Riferendomi non tanto – e non solo – al politico, ma semplicemente alla persona.
 
Non parlo, infatti, di mancanza di punti di riferimento politici (seppur evidente nella sua urgenza) ma di mancanza di punti di riferimento in termini sociali. L’opera e l’eredità del Cossiga politico credo rappresentino solo una parte di risorse e valori che si collocano al di fuori della storia e delle sue contingenze.
Quella attuale è una crisi il cui destino viene giocato su più tavoli. Uno che riguarda realtà quasi “trascendenti”, per quanto paradossalmente distanti dalla vita di tutti i giorni e della maggior parte delle persone, ma così vicini e concreti da avere ricadute evidenti e letteralmente inevitabili per le stesse. Un altro potrebbe essere definito tavolo “sociale”, dove la crisi viene vissuta dalla base al vertice. Alla base abbiamo la famiglia (prima agenzia di socializzazione) e fondamentale nel determinare la riuscita o meno delle principali dinamiche sociali.
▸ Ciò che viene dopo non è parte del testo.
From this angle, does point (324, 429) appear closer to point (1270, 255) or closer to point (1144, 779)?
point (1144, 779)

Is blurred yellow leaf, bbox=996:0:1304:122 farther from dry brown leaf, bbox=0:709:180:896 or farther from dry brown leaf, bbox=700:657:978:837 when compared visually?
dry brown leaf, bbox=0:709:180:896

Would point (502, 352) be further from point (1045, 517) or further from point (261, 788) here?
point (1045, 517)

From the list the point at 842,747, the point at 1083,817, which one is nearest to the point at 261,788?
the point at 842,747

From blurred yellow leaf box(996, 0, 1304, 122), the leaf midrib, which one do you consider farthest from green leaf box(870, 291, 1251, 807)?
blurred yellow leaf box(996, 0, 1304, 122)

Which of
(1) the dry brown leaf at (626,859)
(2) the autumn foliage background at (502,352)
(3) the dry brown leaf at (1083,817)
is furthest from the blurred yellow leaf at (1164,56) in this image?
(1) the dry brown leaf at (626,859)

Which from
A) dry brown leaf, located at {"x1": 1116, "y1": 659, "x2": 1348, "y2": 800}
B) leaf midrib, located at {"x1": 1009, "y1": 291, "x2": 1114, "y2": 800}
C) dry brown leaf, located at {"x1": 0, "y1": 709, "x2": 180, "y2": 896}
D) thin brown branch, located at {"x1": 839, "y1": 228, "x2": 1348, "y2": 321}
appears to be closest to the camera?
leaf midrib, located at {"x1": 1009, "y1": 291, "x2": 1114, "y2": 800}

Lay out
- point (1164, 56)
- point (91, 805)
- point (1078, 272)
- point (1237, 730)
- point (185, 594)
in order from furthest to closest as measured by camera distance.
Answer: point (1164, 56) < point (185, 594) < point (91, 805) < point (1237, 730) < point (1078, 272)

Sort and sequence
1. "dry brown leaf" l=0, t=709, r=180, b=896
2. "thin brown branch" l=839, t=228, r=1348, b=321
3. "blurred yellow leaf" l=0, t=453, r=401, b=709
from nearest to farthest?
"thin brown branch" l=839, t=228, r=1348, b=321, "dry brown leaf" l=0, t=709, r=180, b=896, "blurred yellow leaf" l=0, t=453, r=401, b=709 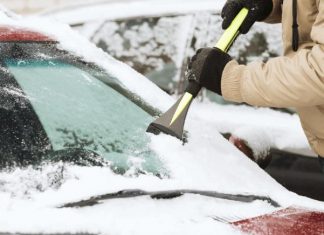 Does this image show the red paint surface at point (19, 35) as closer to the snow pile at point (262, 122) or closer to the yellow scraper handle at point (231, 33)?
the yellow scraper handle at point (231, 33)

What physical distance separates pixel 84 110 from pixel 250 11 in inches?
33.4

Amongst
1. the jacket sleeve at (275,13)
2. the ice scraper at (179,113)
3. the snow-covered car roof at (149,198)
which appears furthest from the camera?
the jacket sleeve at (275,13)

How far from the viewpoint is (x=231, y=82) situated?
2135 mm

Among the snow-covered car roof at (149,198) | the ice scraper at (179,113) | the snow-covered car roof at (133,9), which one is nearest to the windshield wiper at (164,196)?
the snow-covered car roof at (149,198)

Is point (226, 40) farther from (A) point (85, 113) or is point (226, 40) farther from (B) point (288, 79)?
(A) point (85, 113)

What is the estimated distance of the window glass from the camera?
1.88 meters

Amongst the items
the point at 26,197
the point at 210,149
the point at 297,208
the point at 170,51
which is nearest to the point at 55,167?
the point at 26,197

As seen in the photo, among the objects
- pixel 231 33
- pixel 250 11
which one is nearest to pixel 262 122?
pixel 250 11

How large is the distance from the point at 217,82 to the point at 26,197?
0.89 metres

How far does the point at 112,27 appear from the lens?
4.01 m

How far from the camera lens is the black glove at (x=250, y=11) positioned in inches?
94.4

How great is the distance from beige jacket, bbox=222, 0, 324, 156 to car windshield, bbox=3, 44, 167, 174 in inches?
14.4

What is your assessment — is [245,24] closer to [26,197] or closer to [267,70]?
[267,70]

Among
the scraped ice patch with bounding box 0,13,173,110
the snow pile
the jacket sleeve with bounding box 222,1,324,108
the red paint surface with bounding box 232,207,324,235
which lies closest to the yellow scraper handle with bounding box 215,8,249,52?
the jacket sleeve with bounding box 222,1,324,108
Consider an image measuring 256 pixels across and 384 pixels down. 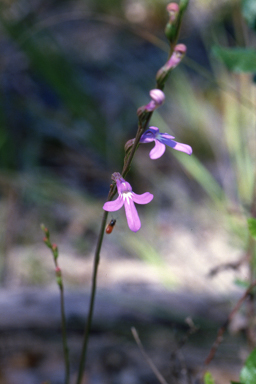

Credo che molto si determini in questo nucleo, primo ambiente dedicato alla nascita ed allo sviluppo del dialogo tra generazioni e dove le nuove generazioni conoscono la loro prima “formazione”. Al vertice abbiamo la crisi di quella che Weber definiva “leadership carismatica”.
 
Ed è questo l’aspetto che più ci fa pensare a Francesco Cossiga.
 
Del quale si possono discutere l’azione politica, il pensiero, gli “eccessi” ma non la leadership. Che anche qui non delimiterei alla sola sfera politica, come chi ha avuto la possibilità di incontrarlo o dialogarci può confermare. E che è legittimo susciti simpatie e ed antipatie, nella capacità di unire e dividere propria del personaggio. Propria, aggiungerei, in generale di tutti coloro capaci – e desiderosi – di prendere posizioni. Che passino grazie ad “esternazioni”, comportamenti, anche inusuali, ma comunque autentici. Così come le convinzioni di un uomo che, pur inserito in determinate logiche e dinamiche, ha sempre dimostrato di non far venir meno il rispetto di determinati “imperativi categorici”. E di agire nel nome della libertà, quel bene senza il quale di nessun altro bene è possibile godere.
 
In più di qualche occasione sono stato chiamato a dire quale fosse, in una parola, la lezione di fondo di Cossiga. La mia risposta è sempre stata: una lezione di libertà. Ciò con particolare riferimento alla realtà dei giovani, che mi sento di rappresentare al momento della risposta. E che mi sento di sensibilizzare su questo tema ed in relazione alla figura di Cossiga.
 
I commenti sul mio libro che più mi rendono orgoglioso e soddisfatto della sua utilità sono quelli di coloro che mi dicono di aver visto questa persona sotto una nuova luce e che parallelamente hanno colto gli stimoli che – a partire dall’emblematico incontro generazionale rappresentato da questo grande della storia ed un giovanissimo “allievo” – ho voluto e voglio comunicare ai giovani come me e – perché no – anche ai più giovani. Ripeto, tutt’altro che delimitati alla politica. Stimoli che riguardano un approccio “culturale” genuino, libero, consapevole. Rispettoso e rivoluzionario. Così come la “dualità” di un uomo di Stato – indipendentista, un democristiano – rivoluzionario (per l’appunto) ci aiuta capire che non è obbligatorio scegliere se appiattirsi sul potere, sullo “status quo” o essere indiscriminatamente antagonisti.
 
In presenza di un pesante “tappo sociale” la differenza sta nell’atteggiamento che si decide di adottare per affrontarlo e farlo saltare. Così come con il suo percorso Cossiga ci può suggerire, da giovanissimo “baronetto” vittorioso sul dominus della Dc sassarese Segni nelle elezioni di un direttivo provinciale fino a Presidente della Repubblica prima “einaudiano” poi picconatore dedito a scuotere gli animi. Sarà una visione romantica, ma è la visione che di questa persona voglio rimarcare.
 
Più giovane in assoluto nella storia della Repubblica a ricoprire cariche come quella di Sottosegretario alla Difesa, Presidente del Senato e della Repubblica. Una ragione ci dovrà pur essere. E la ricercherei tanto nella razionalità quanto nella passione di quel giovane che, rispettando il capo, ha saputo “fare la rivoluzione” e prenderne il posto. Senza snaturare una personalità capace di “movimentare” e picconare “dal basso” – piuttosto comune – ma anche e soprattutto dall’alto. Un po’ meno comune.
 
A voi, cari “grandi”, queste riflessioni. A voi, cari giovani, questo invito.